Only the text of the records below belongs in the answer, copied exactly, with pictures omitted.

__________

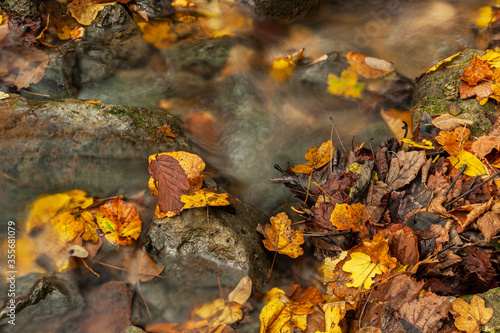 Close-up of fallen autumn leaves  crumpled and piled on the bank of a stream. Beech  locust tree and field maple. In autumn the woods are colored yellow  red and brown  bright and melancholy colors.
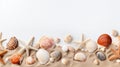 Seashells, corals, and starfish banner on white sandy beach for summer travel and vacation concept Royalty Free Stock Photo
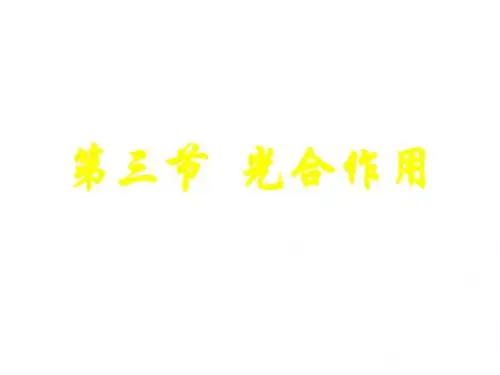 第三节 光合作用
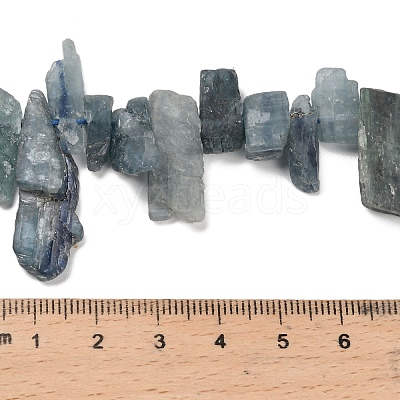 Natural Kyanite Beads Strands G-C253-04-1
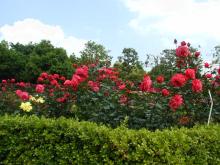 五月の薔薇-8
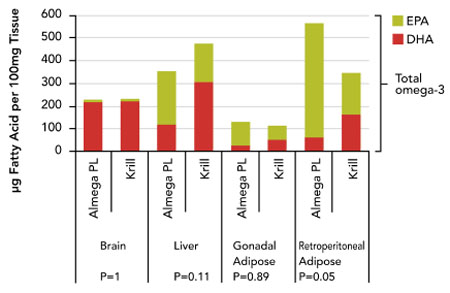 Figure 2: Distribution of EPA and DHA into tissues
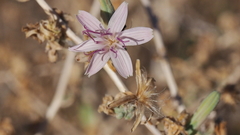 Stephanomeria exigua exigua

__________

● Answer for the task
 Close-up of fallen autumn leaves  crumpled and piled on the bank of a stream. Beech  locust tree and field maple. In autumn the woods are colored yellow  red and brown  bright and melancholy colors.
 Seashells, corals, and starfish banner on white sandy beach for summer travel and vacation concept Royalty Free Stock Photo
 第三节 光合作用
 Natural Kyanite Beads Strands G-C253-04-1
 五月の薔薇-8
 Figure 2: Distribution of EPA and DHA into tissues
 Stephanomeria exigua exigua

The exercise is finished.